SAN FRANCISCO (Reuters) – California power company PG&E Corp, which expects to soon file for bankruptcy, said on Wednesday it would cost between $75 billion and $150 billion to fully comply with a judge’s order to inspect its power grid and remove or trim trees that could fall into power lines and trigger wildfires.
FILE PHOTO – PG&E crew work on power lines to repair damage caused by the Camp Fire in Paradise, California, U.S. November 21, 2018. REUTERS/Elijah Nouvelage
PG&E said in a filing in U.S. District Court in San Francisco that it could not on its own afford the work proposed in a Jan. 9 order by U.S. District Judge William Alsup, who is overseeing conditions of the company’s probation following a 2010 gas pipeline explosion.
To pay for the proposed work, PG&E said it would have to pass the bill to ratepayers who get their power from the utility company’s nearly 100,000 miles (161,000 km) of overhead lines in northern California.
“PG&E would inevitably need to turn to California ratepayers for funding, resulting in a substantial increase – an estimated one-year increase of more than five times current rates in typical utility bills,” the company said.
PG&E, which provides electricity and natural gas to 16 million customers in northern and central California, is facing widespread litigation, government investigations and liabilities that could top $30 billion following fatal wildfires in 2017 and 2018.
On Tuesday, PG&E said it had secured $5.5 billion in financing from four banks as it prepares to file for Chapter 11 bankruptcy on or about Jan. 29.
The utility on Wednesday estimated it would have to remove 100 million trees or more to safeguard power lines, a campaign that would face “myriad legal obstacles to reconfiguring the California landscape,” as it would require contending with state and federal agencies as well as private property owners.

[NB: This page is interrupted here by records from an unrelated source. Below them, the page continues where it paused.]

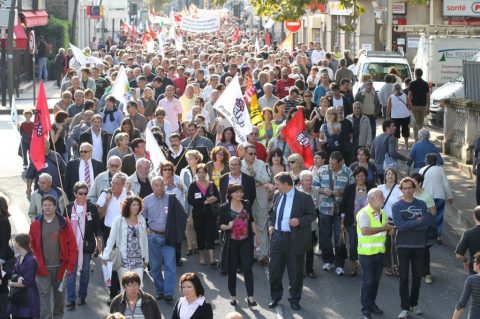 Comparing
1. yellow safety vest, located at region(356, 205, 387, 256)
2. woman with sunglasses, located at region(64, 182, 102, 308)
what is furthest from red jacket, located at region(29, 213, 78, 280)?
yellow safety vest, located at region(356, 205, 387, 256)

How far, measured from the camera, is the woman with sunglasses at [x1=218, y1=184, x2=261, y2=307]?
1391 centimetres

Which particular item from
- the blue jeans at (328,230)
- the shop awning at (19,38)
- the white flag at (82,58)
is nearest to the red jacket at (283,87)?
the white flag at (82,58)

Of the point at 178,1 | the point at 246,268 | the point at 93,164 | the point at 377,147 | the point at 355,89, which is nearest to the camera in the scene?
the point at 246,268

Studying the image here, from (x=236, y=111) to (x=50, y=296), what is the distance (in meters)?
5.92

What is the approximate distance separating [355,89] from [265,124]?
34.9 feet

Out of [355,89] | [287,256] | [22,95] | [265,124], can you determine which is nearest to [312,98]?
[265,124]

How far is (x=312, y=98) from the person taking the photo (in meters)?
24.0

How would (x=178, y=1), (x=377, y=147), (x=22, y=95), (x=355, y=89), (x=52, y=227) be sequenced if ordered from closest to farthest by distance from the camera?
1. (x=52, y=227)
2. (x=377, y=147)
3. (x=355, y=89)
4. (x=22, y=95)
5. (x=178, y=1)

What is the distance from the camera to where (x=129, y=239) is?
1303 centimetres

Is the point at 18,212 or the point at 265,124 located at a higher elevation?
the point at 265,124

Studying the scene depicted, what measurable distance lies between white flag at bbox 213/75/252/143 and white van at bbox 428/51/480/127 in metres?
11.3

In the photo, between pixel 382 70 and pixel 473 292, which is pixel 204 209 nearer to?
pixel 473 292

A proposal to restrict using power lines deemed unsafe during high winds is not feasible because lines traverse rural areas to service urban zones, while “de-energization” of lines could also affect the power grid in other states, PG&E said.
State Senator Bill Dodd questioned PG&E’s filing, underscoring the frustration of many California policymakers after they approved legislation last year to let utilities recover some of the costs related to wildfires in 2017 and others starting in 2019.
The legislation, which critics called a bailout, did not make provisions for fires last year and it was approved before November’s Camp Fire, the deadliest and most destructive wildfire in California’s history.
“PG&E’s mismanagement and lack of credibility casts doubt over anything they put forward,” Dodd told Reuters in an email. “The company can and must do more to ensure safety, and I expect the court and regulators will make that happen.”
In separate court papers citing concerns about the complexity of regulations around PG&E’s power transmission, the U.S. government recommended a court-assigned monitor review Alsup’s proposals and consult with relevant agencies to reach “workable” terms for the company.
The government said the monitor is “in the best position to determine whether wildfires can be prevented by fixing gaps in the currently regulatory scheme, or by improving PG&E’s compliance with current regulations.”
While PG&E questioned the judge’s proposals, the company said it has no issue with the monitor checking its efforts to mitigate wildfire risks.
Alsup’s order would modify terms of PG&E’s probation. He will hold a hearing on the new terms on Jan. 30.